Janet giggled. “He scared Lucy so bad that she jumped up and stepped in the water bucket the footman had left by the lantern!”

“Did not!”

“Oh, we both saw it!”

Lord Trevor held up both hands. “I’ve never met more disgraceful children,” he scolded, but anyone with even the slightest hearing could have picked out the amusement in his voice. “It’s never too late for my prosy lecture. Good morning, Miss Ambrose, how do you do?”

I know my face is red, she thought. “I do well,” she replied. “Happy Christmas to you all.”
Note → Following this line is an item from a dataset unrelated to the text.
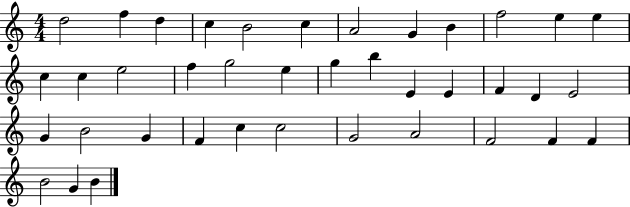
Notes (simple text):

D5/h F5/q D5/q C5/q B4/h C5/q A4/h G4/q B4/q F5/h E5/q E5/q C5/q C5/q E5/h F5/q G5/h E5/q G5/q B5/q E4/q E4/q F4/q D4/q E4/h G4/q B4/h G4/q F4/q C5/q C5/h G4/h A4/h F4/h F4/q F4/q B4/h G4/q B4/q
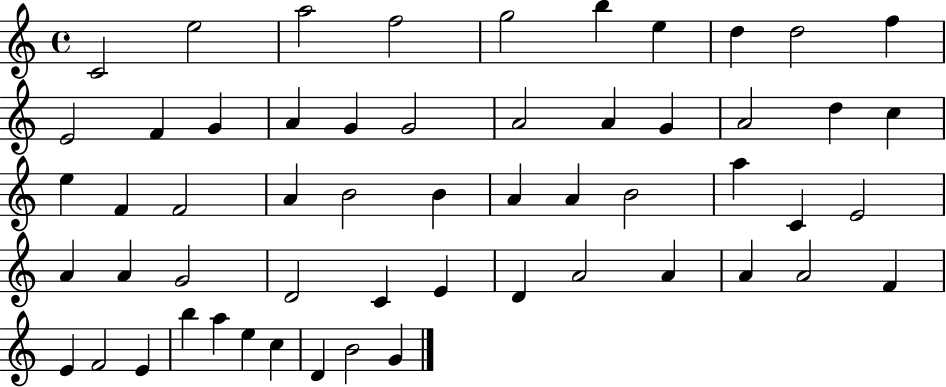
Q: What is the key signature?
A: C major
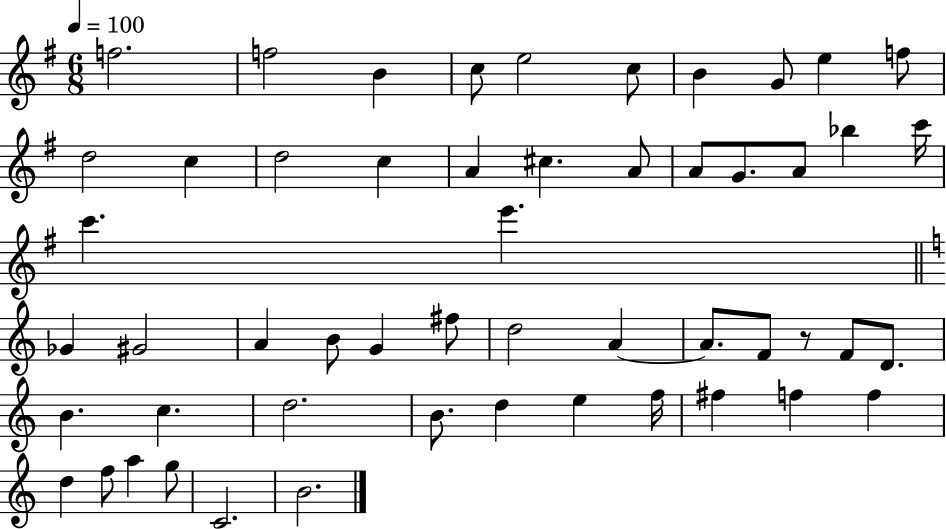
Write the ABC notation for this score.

Lord Trevor pushed out a chair with his foot. “Have a seat, my dear Miss Ambrose. I’ve told my long-suffering relatives all about my silliness next door at the manor. They have agreed that a week in the dower house was not too unpleasant.” He smiled at them all. “And now they will move their belongings back, with some help from Mrs. Grey and the footman.”

“Mama is coming home today,” Davy said.

“I received a letter from Lysander only a few minutes ago,” Janet said, holding out a piece of paper. She smiled at Cecilia. “He promises to come as soon as all contagion is gone.”

Cecilia poured a cup of tea and sat down, just as the children rose and left the room. Davy even looked back and winked. “Scamp,” she murmured under her breath, trying to concentrate on the tea before her, and not on Lord Trevor, who had decided to put his arm on her chair now. In another moment his hand rested on her shoulder, and then his fingers outlined her ear.

“You’re making this tea hard to drink,” she commented.

“It isn’t very good tea, anyway,” he told her as he took the cup from her hand and pushed it away. He cleared his throat. “Cecilia—Miss Ambrose—it has certainly come to my attention that I . . . er . . . uh . . . may have compromised you last night.”

I love him, she thought, looking at him in his rumpled clothes, with his hair in need of cutting. I wonder why he does not stand closer to his razor, she thought. His eyes were tired, to be sure, but the hopeless look that had been increasing hour by hour on Christmas Eve was gone. She turned in her chair to face him.